At first glance, it’s just another cute photo that’s come across your feed.

A baby, bathed in a soft purple glow, seems to be fast asleep — her head resting peacefully on a comfy, cool lilac puffy coat, surrounded by adults dressed in colorful clothes. Taken from another angle, a second photo shows that the baby (aww, is she wearing friendship bracelets?) is actually equipped with noise-canceling headphones, and an adult is crouching to watch over her from close-up.

For the latest news & views from every corner of the world, Worldcrunch Today is the only truly international newsletter. Sign up here.

So, why does half the internet seem to be screaming about these photos?

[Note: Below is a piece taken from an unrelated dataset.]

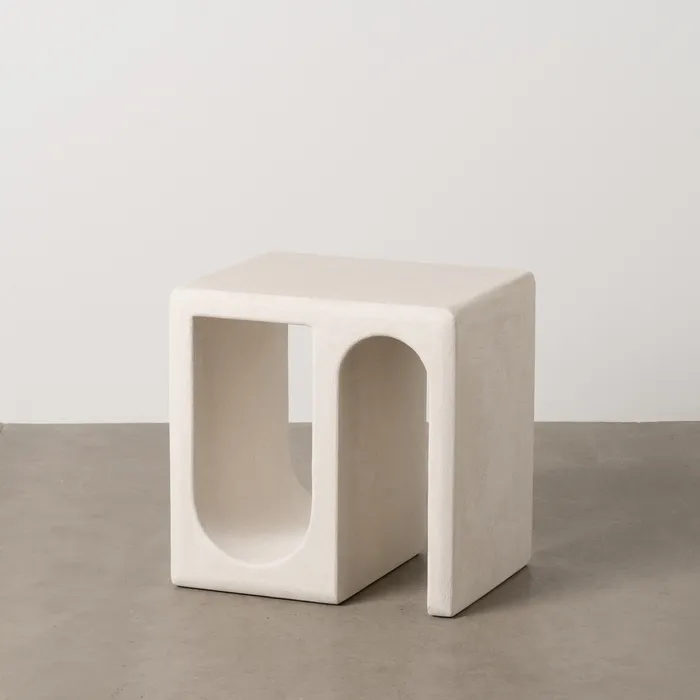Masute Laterale - Masuta laterala MDF alba|Mobilier decor contemporan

So it turns out that this baby nap is happening on the floor of Paris La Défense arena, where the adults minding her were part of the 40,000-strong audience that came to see U.S. pop icon Taylor Swift’s show as she kicked off the European leg of her “Eras Tour”.

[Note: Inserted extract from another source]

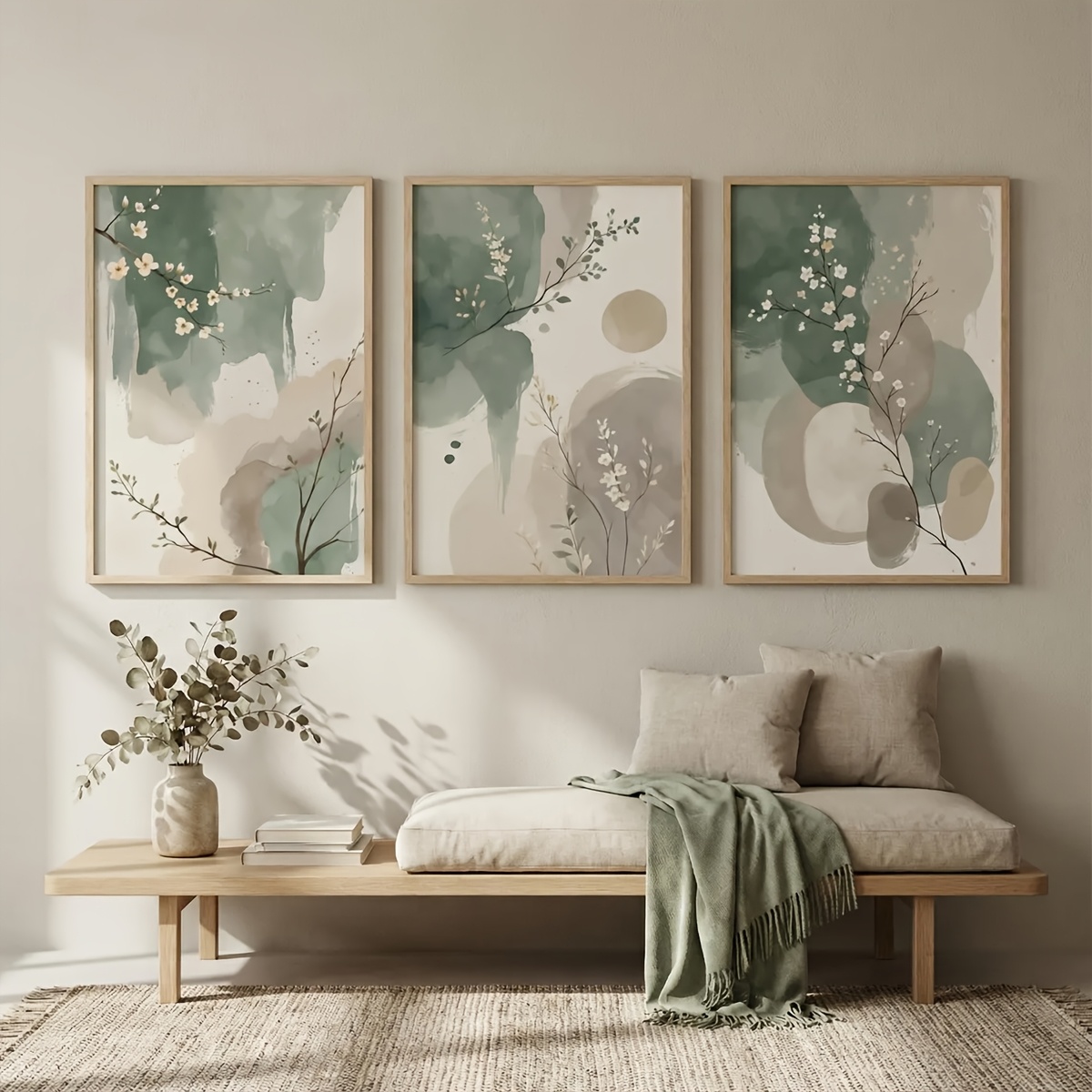 Home Decor Design Interior - Lot de 3 tableaux muraux en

“Get ur baby off the floor and GO HOME”, “call the police”, “hold your damn child”… Some outraged comments (coming from a fanbase usually celebrated for its kindness and open-mindedness) seemed to indicate that this was not, in fact, just another cute photo.

Early grownup development?

This is not an abandoned baby left on the floor in a stampede-like context — as some outraged comments seemed to suggest. This is a baby that was brought along by people who thought long enough to use noise-canceling headphones, and were allowed into the 40,000-seat concert venue (even though the venue website “doesn’t recommend bringing children under the age of four, even if accompanied”).

As someone who thinks and writes a lot about early childhood development — including the actual physiological and behavioral impacts of modern parenting choices — my first instinct was to engage the haters on the merits of their arguments.

This is what social-network-fueled human interaction looks like these days.

What’s the big deal about putting the baby on the arena floor on top of a blanket? Healthy toddlers spend much of their days on floors, both inside and outside the home. What about the daily activities that can be more dangerous than going to a friendly music concert? Pushing your baby across a busy street in a stroller, taking her for a ride in the car, choking on who knows what…

​The floor is lava… not

But the truth is that this is not a question about how to be a modern parent, it’s about being a modern person.

Even inside supposedly like-minded, positivity-inclined Swiftie universe, this is what social-network-fueled human interaction looks like these days. The stakes inevitably get raised when there’s a child in the middle, and one can question parenting choices.

Going to a Taylor Swift concert to have fun and dress up and dance is a no-no. Staying at home without getting dressed is also a no-no. Going to a comedy night while breastfeeding is bad. Taking antidepressants at home is also bad.

Why do we always rush to judging each other as parents? Does it make us feel more secure about our own choices when we put down the choices of others?

photo of a teenage girl wearing a taylor swift t-shirt with tattoos
A Swiftie last year in Buenos Aires – Fernando Gens/dpa via ZUMA

​Thou shalt not judge

According to a global survey published in 2021, 82% of respondents affirmed to feel judged by others as parents. Around one in ten parents (12%) say they feel judged “very often”, with the proportion going up in India (28%), South Africa (23%) and Mexico (19%).

The list of things people get judged for as parents is long.

What’s interesting is that the judgment that parents feel appears to be more than just a perception: four in five non-parents (81%) say they *do* judge parents. The top reason for judging parents is how they manage their children’s behavior, followed closely by how their children behave. (By the way, the research doesn’t cover how much parents judge other parents, but I’m sure that is a thing too!)

But the list of things people get judged for as parents is long. This mother in Australia was judged for breastfeeding her baby at a comedy show (and asked to leave the venue). Is there something cultural? I have never seen people complaining about children at raucous soccer stadiums in Argentina, but children in pubs in the UK are definitely a big taboo.

Overall, we know from research that when we judge parents, instead of supporting them, both the parents and the children fare worse. So the same judgemental Swiftie could have also chosen to approach the baby and parents to see if all are OK or need help — instead of anonymously reporting them to the entire world?

I must admit I don’t feel the same passion for Taylor Swift that’s shared by both the parents and their anonymous online judge. But I’m intrigued by the way her songs and her public persona take on the personal conflicts of our times, and bring us to a better place. Maybe she can help us all to lower the volume.